Paul McCartney. Spacemen 3. Doctor Who. Terrifying Hammer Horror Psyche LPs. 'Unit Delta Plus'. Quite a CV. Delia Derbyshire was a unique talent, a woman who did not play an acoustic guitar or write folk-poetry, but instead manipulated wonky analogue oscillators, synthesisers and loops of tape to produce Brand New Sounds. Her natural working environment was not the back room of a pub or Wembley Stadium but a musty BBC laboratory. She was a scientist, a student of noise, somebody who took risks and made great leaps forward. She was one of the great producers, a George Martin, a Phil Spector, a Brian Wilson, with a distinctive signature style wholly her own, an artist obsessed with the possibilities of sound. All in all, she was a singularly unusual pop music hero, and this is precisely why her work, and her life, should be treasured. Paul Fuzz






*Jumps to feet and begins to applaud wildly*
BRAVO! BRAVO! DAMN STRAIGHT! BRAVO!
Posted by: mof gimmers | 02/07/2008 at 07:43 AM
Fantastic article! People need to appreciate Delia more.

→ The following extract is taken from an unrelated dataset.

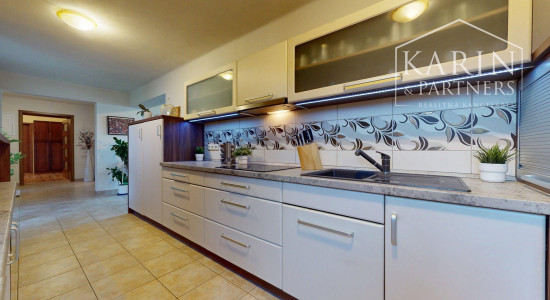 ZREKONŠTRUOVANÝ A ZARIADENÝ RODINNÝ DOM V KRÁĽOVEJ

I actually got here googling "Delia Derbyshire T-Shirt"... I don't think anyone has actually made one, although you never know, but I wanted to make one for myself and was seeking inspiration. Now I've read this I think I might make a Unit Delta Plus one instead.
Posted by: Claire | 04/28/2008 at 03:08 PM
They do Claire:
http://www.apexonline.com/melodybar/cataf~1.htm
Scroll down the page and you'll find a beautiful design by Iker Spozio.